I have been writing poetry and stories since I was a child, and a love of reading was instilled in me from an early age. I am passionate about writing, and hope you enjoy the books I have written. Whilst most of you sleep soundly in your beds, like many Parkinson’s patients, insomnia dictates, so during those hours that sleep eludes me, the house is tranquil and quiet, an atmosphere perfect to immerse myself in writing. My life has been a series of strange events, which have without doubt contributed to my creativity. To publish anything is to bear one’s soul to the world. It is to stand naked and let everyone see who you really are. I have poured my heart and soul out on paper and I hope to share this journey, immersing you in a story, capturing your attention and firing the imagination. Through my writing and public speaking I hope to bring greater awareness to the general public about living with chronic disease.

Sunday, August 5, 2012

Accepting Diagnosis

Diagnosis affects people in different ways. For the sufferer, diagnosis is very personal, and one can understandably be selfish to some degree, consumed with thoughts of symptoms, possible medications and life changing prognosis. The caregiver has a slightly different agenda of worries and concerns, as the unexpected task of ‘caring’ with its additional responsibilities,  how the disease will affect daily life of the entire family, can weigh very heavily, and in some cases bring events to a breaking point. Honest and open dialogue between parties is vital, and if necessary a third party such as a social worker or therapist should be brought into the picture. Having a support system in place, such as family and friends, doctors, support groups, and being educated about the disease lightens the load considerably on both sufferer and carer. I think attitude is one of the most important factors, keeping positive, actively making the best out of such circumstances, eases the situation to some degree.
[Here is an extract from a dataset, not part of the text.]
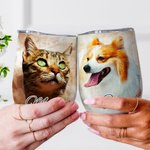 Personalisierte Aquarell Haustier Porträt Malerei 12oz Weinbecher mit Namen Deckel und Strohhalm Geburtstag Haustier Verlust Gedenkgeschenk für Katze 
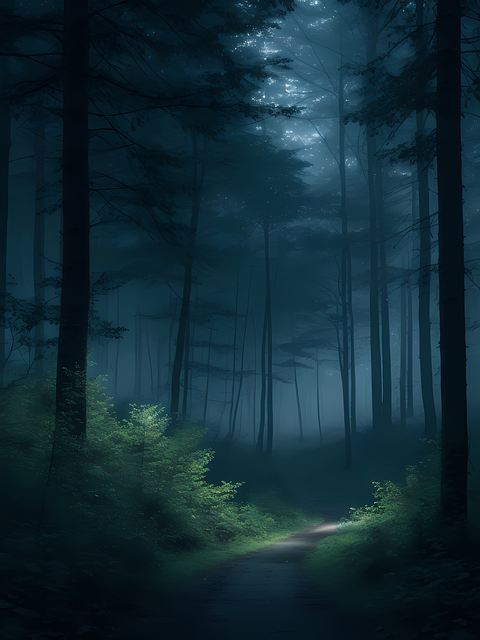 Free ai generated forest night illustration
Parkinson’s or any chronic debilitating disease is something one would never imagine happening to you or your family, and when suddenly slapped in the face with diagnosis, the immense reality of it all comes thundering down. It can be hard to come to terms with, bringing out emotions such as denial, anger, frustration, guilt and knowing life will never be quite the same again. It’s not an easy process to go through, but just know you are not alone.